Autoworkers in Canada are marking time, as CAW rests on its laurels happy to have organized the Big 3 and now Magna. They have made little effort to take on the Japanese or Korean automakers in Canada who now outsell the Big 3.

Instead of organizing Toyota, Buzz cozied up to Toyota management and backed one of their VP's who was running for Liberal MP last election. Like his bargaining strategies his political strategy of strategic voting leads workers to a dead end.

It's a good thing he is finally retiring unfortunately while that will end the cult of personality in the CAW it will not end the entrenched bureaucracy of labour fakirs and pork choppers who dominate the organization.

CAW likes to claim to be a social union, a left leaning union, but it is in the end regardless of its ideological claims, a business union, structured to maintain capitalism.

As Marx pointed out years ago; Trade unions are not revolutionary organizations, but defense organizations of the working class. They call for a fair days wage instead of demanding the abolition of the wage system.

Trades Unions work well as centers of resistance against the encroachments of capital. They fail partially from an injudicious use of their power. The fail generally from limiting themselves to a guerilla war against the effects of the existing system, instead of simultaneously trying to change it, instead of using their organized forces as a lever for the final emancipation of the working class that is to say the ultimate abolition of the wages system.


Under the Fordist model of mass production and with the post War boom they became the hand maiden of capitalism, bargaining with the bosses to get crumbs off the table for their members.

They abandoned any pretense to being agents of social change, instead they became the cops on the shop floor, halting wildcats and job actions by workers.
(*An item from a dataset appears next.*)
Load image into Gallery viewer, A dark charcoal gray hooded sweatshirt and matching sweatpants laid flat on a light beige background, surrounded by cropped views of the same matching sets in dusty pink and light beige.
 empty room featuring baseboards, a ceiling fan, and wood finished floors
Building permanent corporate style organizations paid for by workers, and populated by professional permanent non-elected paid representatives, they have abandoned the revolutionary aims of workers self-organization; the control of the means of production, the take over and self management of factories by the workers themselves.

Instead they accept the day to day operations of capitalism as inevitable, not worth fighting over except to try and ameliorate its worse excesses, which keeps the bosses happy.

Workers since the beginning of capitalism have organized themselves, when unions were outlawed or banned, workers still created them and used them to strike against the bosses.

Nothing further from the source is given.